Tout d’abord la CRR décide que la requérante n’est pas fondée à se prévaloir de la qualité de réfugiée car les craintes de persécution alléguées par celle-ci ne peuvent être tenues pour fondées d’après les éléments donnés.

 

Toutefois, la CRR précise que les risques émanant de groupes armés ou d'éléments incontrôlés de la population et auxquels la requérante est aujourd’hui exposée,  doivent être regardés comme trouvant leur origine dans le climat de violence généralisée résultant de la situation de conflit armé interne qui prévaut aujourd’hui en Irak ; qu’ils constituent des menaces graves directes et individuelles, eu égard à son appartenance à la communauté assyro - chaldéenne chrétienne, à sa situation de femme isolée et à son aisance financière supposée. Dès lors elle conclut que c’est à bon droit que l’Office ne lui a pas reconnue la qualité de réfugiée au titre de la convention de Genève et lui a accordé le bénéfice de la protection subsidiaire en application des dispositions de l’article L712-1 c).

 

Portée :

 

Concernant la nécessité d'individualiser les craintes :

 

Si le critère de l’individualisation des craintes de persécution est clairement mis en avant par la Convention de Genève pour la reconnaissance du statut de réfugié, la question est plus délicate s'agissant de la protection subsidiaire relative aux conflits armés.

 

La jurisprudence de l’asile a longtemps cherché à individualiser les craintes liées à un conflit armé sans évaluer le niveau de violence. Elle avait en effet une lecture littérale de l’article L712-1 c) du CESEDA qui disposait jusqu'en 2015 que le bénéfice de la protection subsidiaire pouvait être accordée à un civil courant un risque réel de subir : « s''agissant d'un civil, une menace grave, directe et individuelle contre sa vie ou sa personne en raison d'une violence généralisée résultant d'une situation de conflit armé interne ou international »[1].

 

C’est le cas de la décision en l’espèce : la CRR recherche l’individualisation de la crainte et juge que les risques auxquels la requérante est exposée « constituent des menaces graves directes et individuelles, eu égard à son appartenance à la communauté assyro - chaldéenne chrétienne, à sa situation de femme isolée et à son aisance financière supposée ».

Elle ne s'attarde en revanche pas, contrairement aux décisions plus actuelles, sur le niveau de violence généralisée régnant dans la région d’origine de la requérante et se contente seulement de rappeler qu’il y a en Irak un « climat de violence généralisée résultant de la situation de conflit armé interne ».

 

Cette absence d’automatisme de la recherche du niveau de violence s’explique, à date de la décision, par le fait que cette exigence n'a été fixée qu’ultérieurement par un arrêt de la Cour de justice de l’Union européenne en 2009 (CJCE, 17 févr. 2009, Aff.
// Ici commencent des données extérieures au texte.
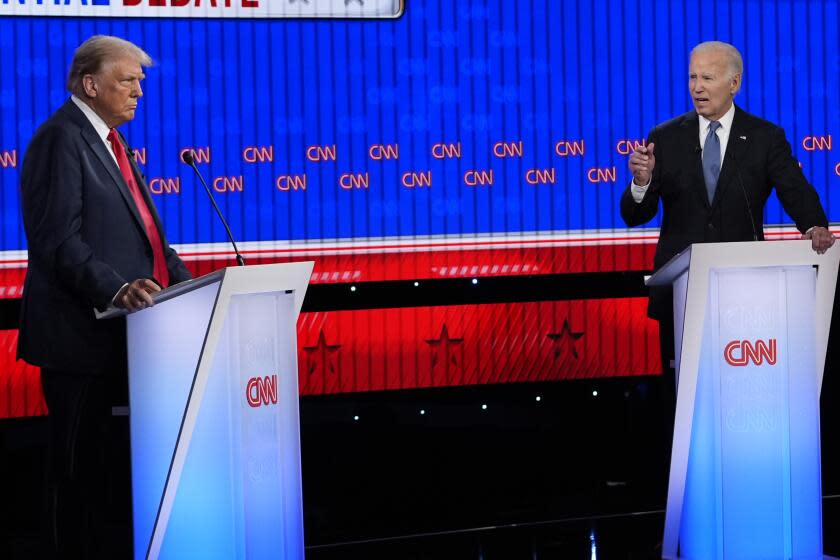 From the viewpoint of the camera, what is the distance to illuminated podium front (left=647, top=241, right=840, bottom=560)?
2637 mm

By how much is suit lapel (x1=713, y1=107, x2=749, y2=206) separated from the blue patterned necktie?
0.02 metres

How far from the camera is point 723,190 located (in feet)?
10.3

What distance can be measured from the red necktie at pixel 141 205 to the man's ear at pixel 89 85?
0.10 metres

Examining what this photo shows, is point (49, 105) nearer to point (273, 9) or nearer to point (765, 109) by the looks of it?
point (273, 9)

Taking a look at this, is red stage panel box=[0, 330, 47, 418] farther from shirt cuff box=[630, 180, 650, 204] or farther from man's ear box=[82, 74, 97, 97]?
shirt cuff box=[630, 180, 650, 204]

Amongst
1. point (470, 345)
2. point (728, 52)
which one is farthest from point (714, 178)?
point (470, 345)

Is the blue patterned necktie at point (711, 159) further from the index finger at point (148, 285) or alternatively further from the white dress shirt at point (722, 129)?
the index finger at point (148, 285)

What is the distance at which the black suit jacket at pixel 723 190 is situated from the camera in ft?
10.3

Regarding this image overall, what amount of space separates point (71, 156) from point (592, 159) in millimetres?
2519

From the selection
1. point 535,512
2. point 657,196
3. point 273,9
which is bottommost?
point 535,512

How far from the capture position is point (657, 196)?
3.18 metres

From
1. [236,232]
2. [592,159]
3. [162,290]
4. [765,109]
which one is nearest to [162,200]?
[236,232]

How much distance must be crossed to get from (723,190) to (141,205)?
1592 millimetres

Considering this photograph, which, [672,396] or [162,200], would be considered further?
[162,200] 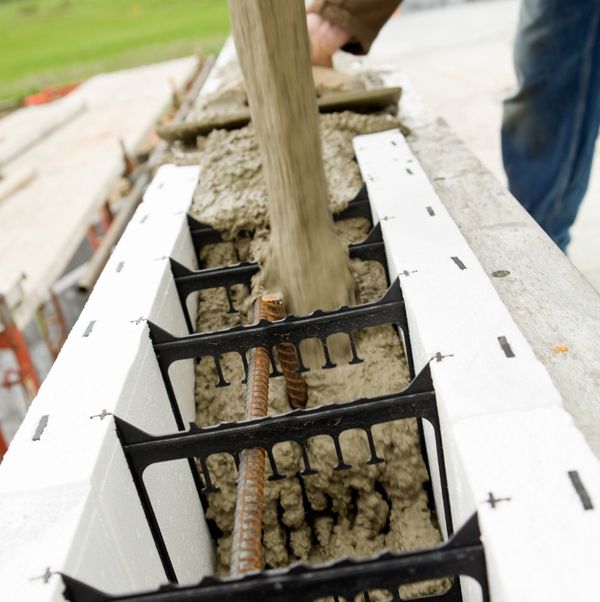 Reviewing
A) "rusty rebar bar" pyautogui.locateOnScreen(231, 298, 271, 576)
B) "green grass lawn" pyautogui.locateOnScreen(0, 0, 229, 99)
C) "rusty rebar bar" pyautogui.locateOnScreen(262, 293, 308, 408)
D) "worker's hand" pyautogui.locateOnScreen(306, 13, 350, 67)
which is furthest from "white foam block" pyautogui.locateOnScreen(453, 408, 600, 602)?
"green grass lawn" pyautogui.locateOnScreen(0, 0, 229, 99)

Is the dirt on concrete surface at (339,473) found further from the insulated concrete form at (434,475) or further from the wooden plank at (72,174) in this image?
the wooden plank at (72,174)

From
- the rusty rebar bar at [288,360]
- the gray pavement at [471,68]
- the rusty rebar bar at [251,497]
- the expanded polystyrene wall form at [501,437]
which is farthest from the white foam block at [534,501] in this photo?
the gray pavement at [471,68]

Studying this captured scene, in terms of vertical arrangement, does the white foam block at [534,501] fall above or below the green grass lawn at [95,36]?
above

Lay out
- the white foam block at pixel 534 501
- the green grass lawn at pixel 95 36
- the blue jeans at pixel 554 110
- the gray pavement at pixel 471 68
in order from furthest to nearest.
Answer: the green grass lawn at pixel 95 36 → the gray pavement at pixel 471 68 → the blue jeans at pixel 554 110 → the white foam block at pixel 534 501

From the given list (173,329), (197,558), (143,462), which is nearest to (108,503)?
(143,462)

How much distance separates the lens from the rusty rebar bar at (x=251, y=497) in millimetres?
1044

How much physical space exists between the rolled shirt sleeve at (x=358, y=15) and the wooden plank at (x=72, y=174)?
5.75 feet

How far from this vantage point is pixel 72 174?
488cm

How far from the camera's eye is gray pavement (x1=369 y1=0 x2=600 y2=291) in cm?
397

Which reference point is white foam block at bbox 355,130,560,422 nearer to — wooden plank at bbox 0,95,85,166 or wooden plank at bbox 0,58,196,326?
wooden plank at bbox 0,58,196,326

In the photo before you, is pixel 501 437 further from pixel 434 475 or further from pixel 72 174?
pixel 72 174

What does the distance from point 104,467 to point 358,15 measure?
2.24 meters

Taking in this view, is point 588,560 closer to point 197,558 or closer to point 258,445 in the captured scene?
point 258,445

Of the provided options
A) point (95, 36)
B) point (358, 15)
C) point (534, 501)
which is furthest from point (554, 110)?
point (95, 36) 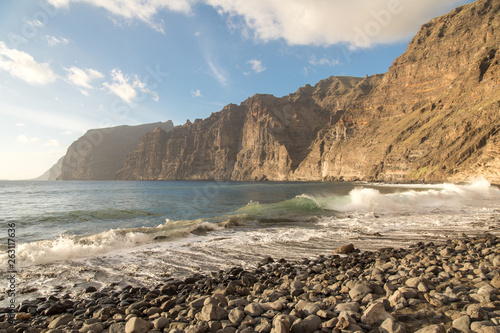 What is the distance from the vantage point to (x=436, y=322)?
3863mm

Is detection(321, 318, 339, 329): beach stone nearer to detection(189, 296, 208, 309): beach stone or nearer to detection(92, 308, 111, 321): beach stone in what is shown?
detection(189, 296, 208, 309): beach stone

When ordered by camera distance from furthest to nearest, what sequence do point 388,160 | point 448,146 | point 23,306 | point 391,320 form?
point 388,160
point 448,146
point 23,306
point 391,320

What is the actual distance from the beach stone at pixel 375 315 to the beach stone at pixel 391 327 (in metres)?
0.25

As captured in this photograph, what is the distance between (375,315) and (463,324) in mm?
1131

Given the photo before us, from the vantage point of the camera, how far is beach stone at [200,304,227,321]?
4.44m

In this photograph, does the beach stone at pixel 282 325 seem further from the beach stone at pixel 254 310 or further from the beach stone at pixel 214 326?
the beach stone at pixel 214 326

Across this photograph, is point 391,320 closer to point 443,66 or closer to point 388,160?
point 388,160

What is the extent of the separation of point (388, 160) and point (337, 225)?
103m

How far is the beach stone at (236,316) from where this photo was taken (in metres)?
4.31

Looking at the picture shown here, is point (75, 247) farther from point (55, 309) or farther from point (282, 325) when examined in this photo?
point (282, 325)

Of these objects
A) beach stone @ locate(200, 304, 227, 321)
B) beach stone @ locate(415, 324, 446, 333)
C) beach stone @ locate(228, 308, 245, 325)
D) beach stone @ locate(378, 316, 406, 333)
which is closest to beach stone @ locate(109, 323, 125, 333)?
beach stone @ locate(200, 304, 227, 321)

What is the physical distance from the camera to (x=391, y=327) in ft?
11.6

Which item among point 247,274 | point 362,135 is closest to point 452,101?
point 362,135

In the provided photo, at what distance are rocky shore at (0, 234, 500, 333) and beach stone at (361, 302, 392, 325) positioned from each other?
16 millimetres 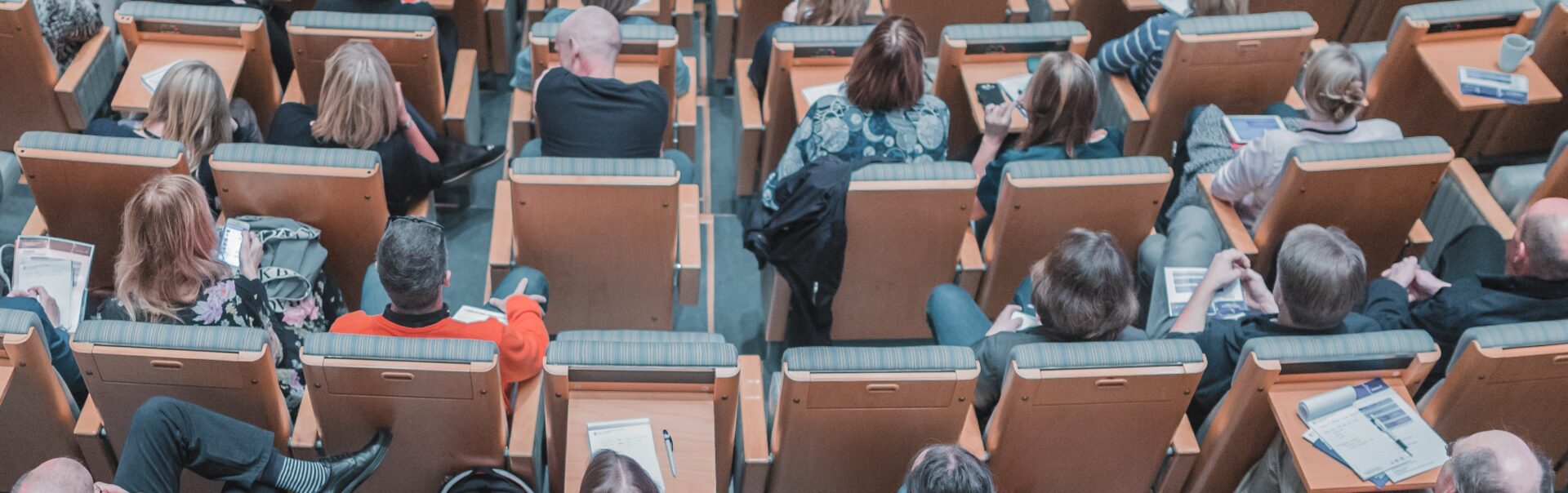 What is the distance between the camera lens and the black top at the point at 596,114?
347cm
C-465/07, Elgafaji). Dans ce dernier, la CJUE considère que « le terme « individuelles » doit être compris comme couvrant des atteintes dirigées contre des civils sans considération de leur identité, lorsque le degré de violence aveugle caractérisant le conflit armé en cours […] atteint un niveau si élevé qu’il existe des motifs sérieux et avérés de croire qu’un civil renvoyé dans le pays concerné ou, le cas échéant, dans la région concernée courrait, du seul fait de sa présence sur le territoire de ceux-ci, un risque réel de subir les menaces graves visées par l’article 15, sous c), de la directive » Le Conseil d'Etat (CE, 3 juillet 2009, Baskarathas) et la CNDA ont ainsi par la suite suivi ce raisonnement. Depuis, est donc posé le principe selon lequel l’individualisation des craintes est proportionnelle au niveau de violence.

 

Ainsi, dans une situation similaire, le niveau de violence généralisé serait désormais évalué par le juge pour savoir s'il est ou non nécessaire de rechercher l'individualisation des craintes de la requérante.

 

Concernant le motif d'individualisation des craintes :

 

De manière surprenante, la CRR juge que les éléments du dossier « ne permettent de tenir pour établi que les circonstances ayant provoqué le départ de la requérante d’Irak se rattachent à l’un des motifs prévus par les stipulations de la convention de Genève » et donc ne lui octroi pas le statut de réfugié. Or, son appartenance à la communauté assyro - chaldéenne chrétienne est dans le même temps expressément relevé par la Cour pour individualiser ses craintes. Les craintes du fait de la religion étant un motif d’octroi du statut de réfugié, il est étonnant que la Cour n'ait pas octroyé la protection conventionnelle à l’intéressée.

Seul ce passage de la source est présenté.